CREATE TABLE Person ( id LONG, fName STRING(20), lName STRING(20) );
CREATE TABLE Phone ( id LONG, person_id LONG, number LONG );

INSERT INTO Person VALUES ( 1, 'John', 'Doe' );
INSERT INTO Person VALUES ( 2, 'Ivan', 'Ivanov' );
INSERT INTO Person VALUES ( 3, 'John', 'Doe' );

INSERT INTO Phone VALUES ( 1, 1, 555111 );
INSERT INTO Phone VALUES ( 2, 1, 555222 );
INSERT INTO Phone VALUES ( 3, 2, 555333 );
INSERT INTO Phone VALUES ( 4, 3, 555444 );

Now we want to select all persons who have phone(s). If we do it as simple as:

SELECT fName, lName 
FROM Person JOIN Phone ON Person.id=Phone.person_id;

we will get a correct result but there are some duplicated records because of 2 phones belonged to the first “John Doe”.

fName lName
John Doe
John Doe
Ivan Ivanov
John Doe

We can use DISTINCT to remove identical values from the result of any query:

SELECT DISTINCT fName, lName 
FROM Person JOIN Phone ON Person.id=Phone.person_id;
fName lName
Ivan Ivanov
John Doe

One of the problems is performance - such a DISTINCT cause sorting all the fields in SELECT list and removing all (lName+fName) duplicates. Note, that it could be number of fields including lengthy ones, like a TEXT or String(2000) - so sorting out such a data may take a lot of time and requires more memory.

Another problem with such a query is possibility to remove unintended rows - one of the “John Doe” person was wrongfully removed (pay attention that we have two different persons named “John Doe”). In other words “DISTINCT” is about to remove value-duplicates.

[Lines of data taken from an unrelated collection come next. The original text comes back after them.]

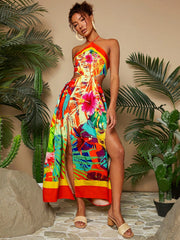 Vacation Chic: Hollow Out Halter Neck Waist Cut Dress for Women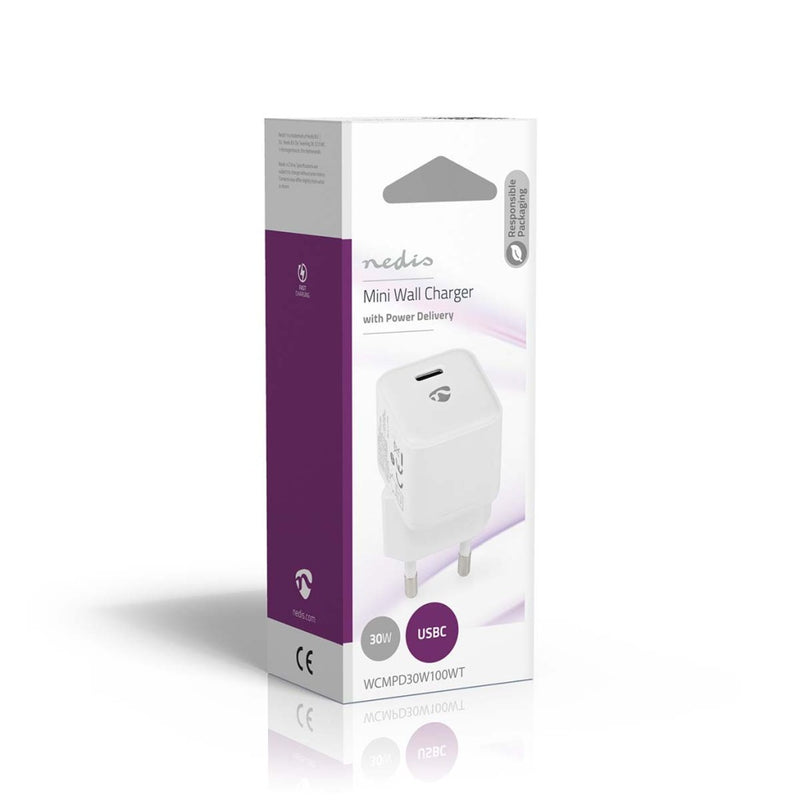 Nedis WCMPD30W100WT Oplader 1.5 / 2.0 / 2.5 / 3.0 A Outputs: 1 Usb-c&trade; 30 W Automatische Volta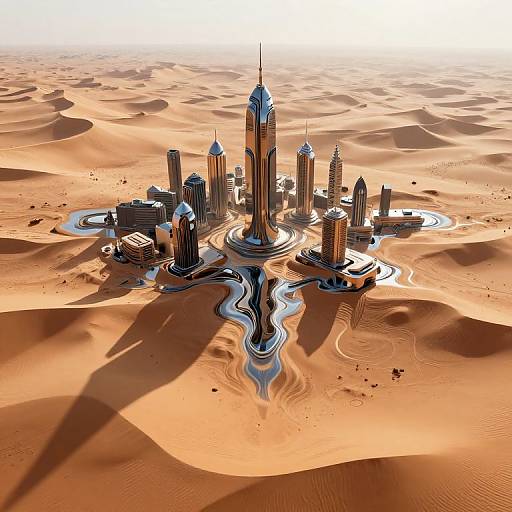 Aerial CGI of a futuristic city with sleek skyscrapers and twisting waterways rising from a vast, sunlit desert.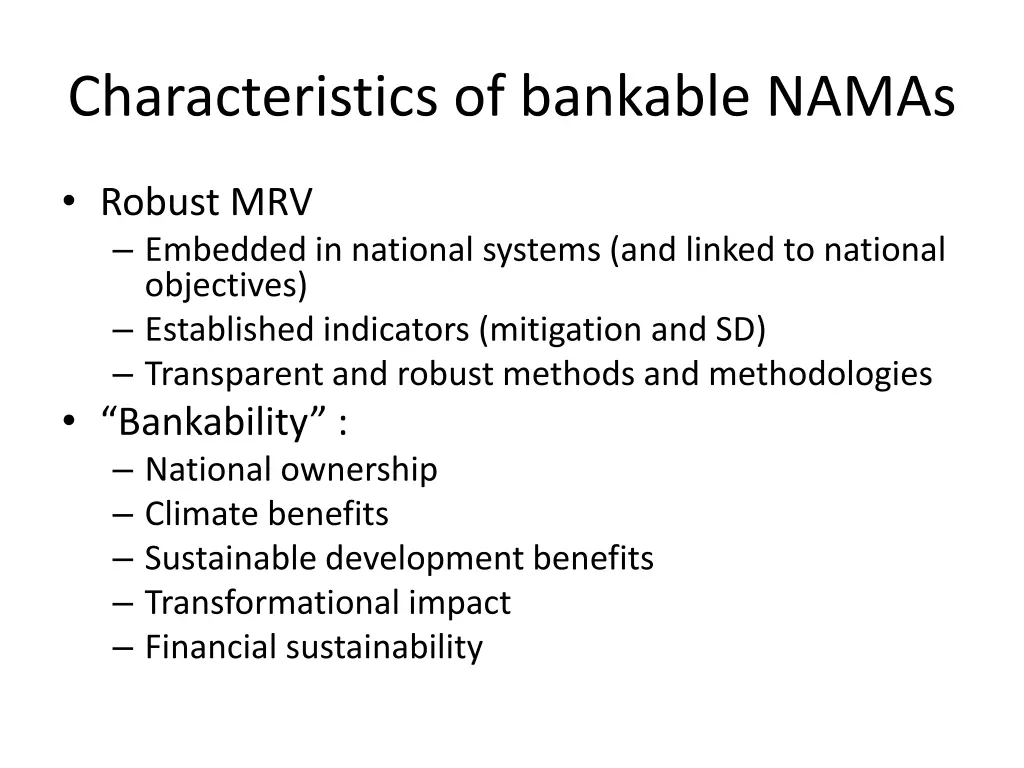 characteristics of bankable namas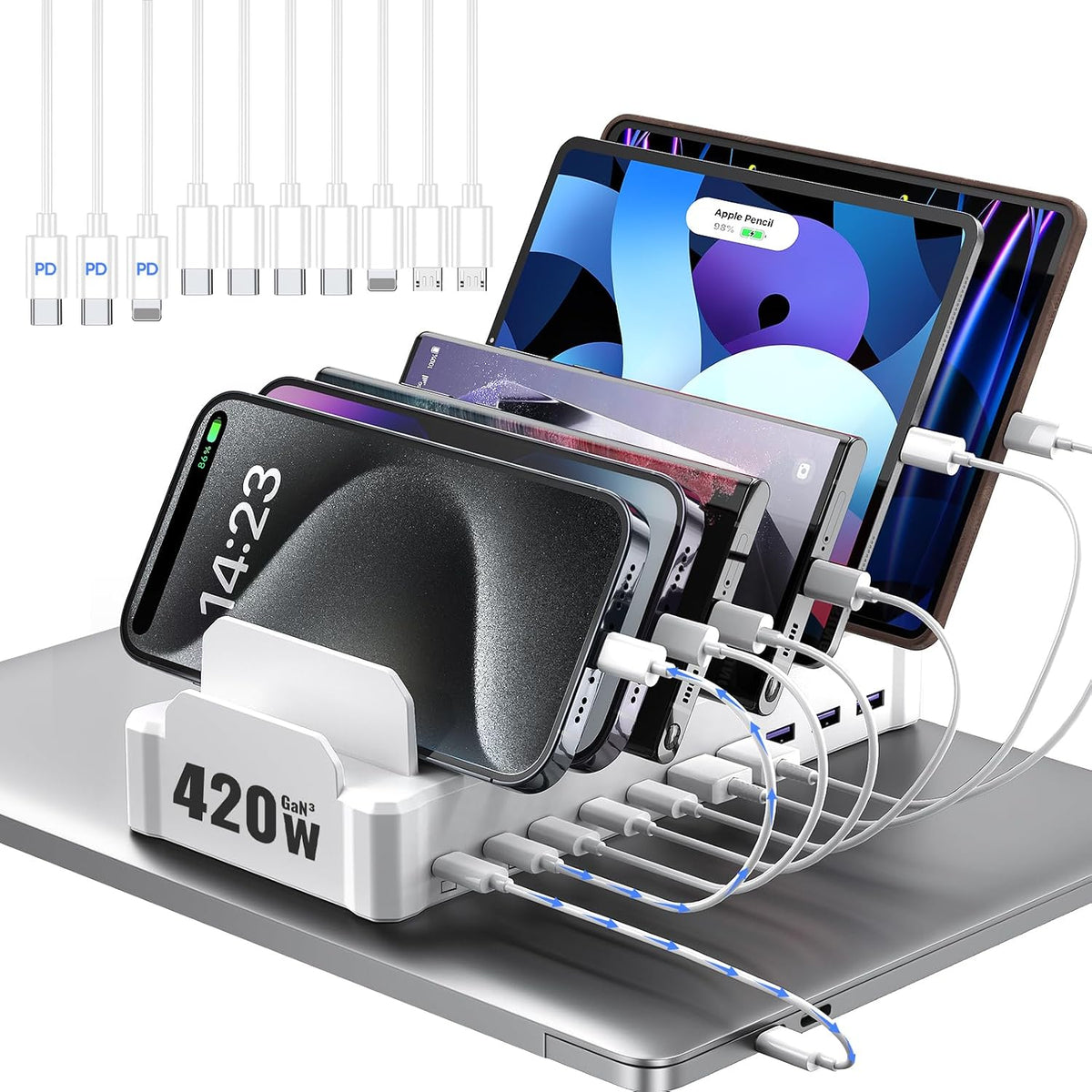 Zobirez 420W 10-Port Fast USB Charging Station for Multiple Devices, Black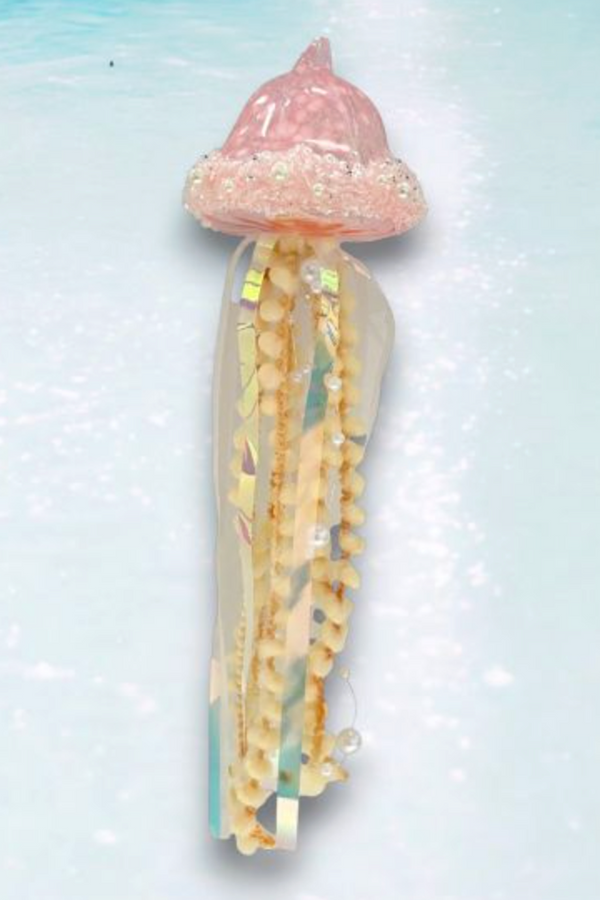 Glass Ornament - Playful Beaded Jellyfish Pink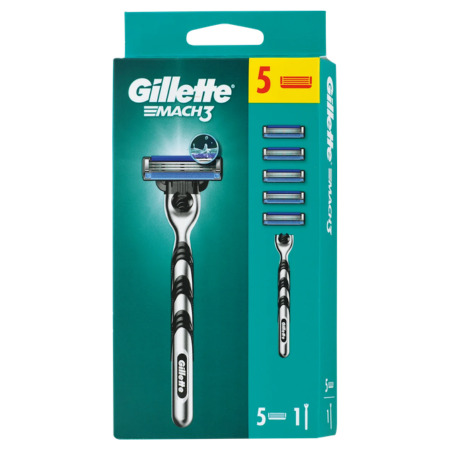 GILLETTE Mach3 manuálny holiaci strojček + náhradné hlavice set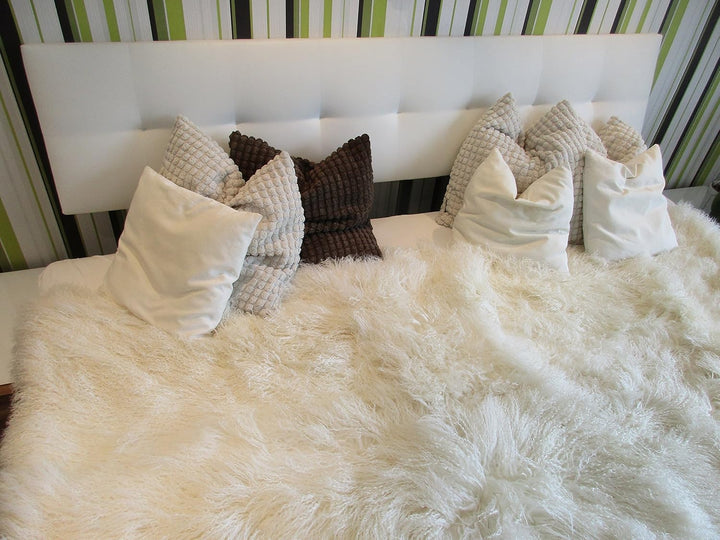 Reissner Lammfelle Tibet Lammfell Bettauflage Couchauflage 90x190cm JAY02 Farbe weiss-weiss 90 x 190
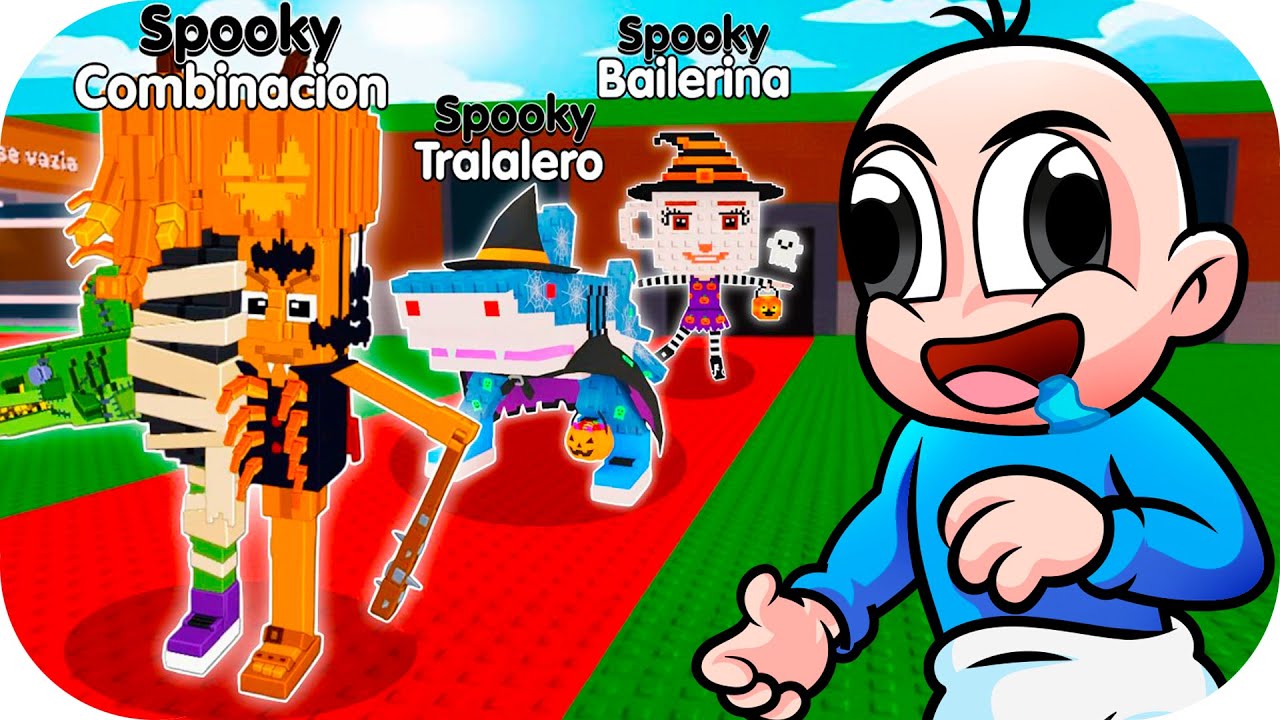 LA SPOOKY COMBINACION Y MAS BRAINROT en ROBA UN BRAINROT 🤣 BEBE NOOB en ROBLOX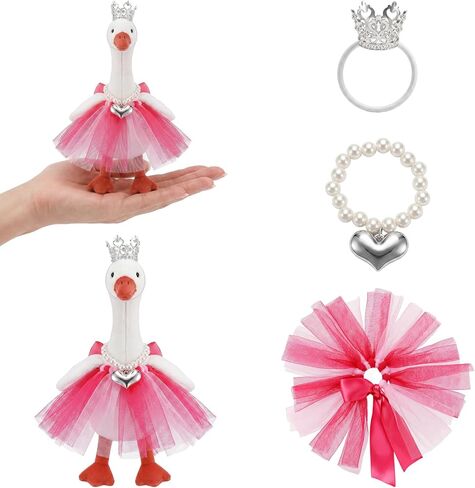 3 PCS 7 Inch Desk Goose Outfits Mini Desk Goose Clothes with Crystal Rhinestone Tiara Crown Heart-Shaped Necklace Tutu Dress Cute Sily Porch Gooses Princess Costumes for Magnetic Gooses Statue in Kuwait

Sure, this problem can be solved in this way:

SELECT DISTINCT Person.id, fName, lName 
FROM Person JOIN Phone ON Person.id=Phone.person_id;
id fName lName
2 Ivan Ivanov
1 John Doe
3 John Doe

But having additional field in the select list might be inconvenient.

Solutions

MS Access offers own additional keyword - DISTINCTROW, which can be used in place of DISTINCT. This keeps resulting rows which have identical values, but come from different records from collapsing into a single row. With DISTINCTROW they don't have to include the key in the output.

Valentina offers another way based on grouping by “key”:

SELECT FIRST(fName), FIRST(lName) 
FROM Person JOIN Phone ON Person.id=Phone.person_id 
GROUP BY Person.RecID;
fName lName
John Doe
Ivan Ivanov
John Doe

Sure, you can use your own primary key like id field:

SELECT FIRST(fName), FIRST(lName) 
FROM Person JOIN Phone ON Person.id=Phone.person_id 
GROUP BY Person.id;

but grouping by RecID much more effective and you should prefer this way.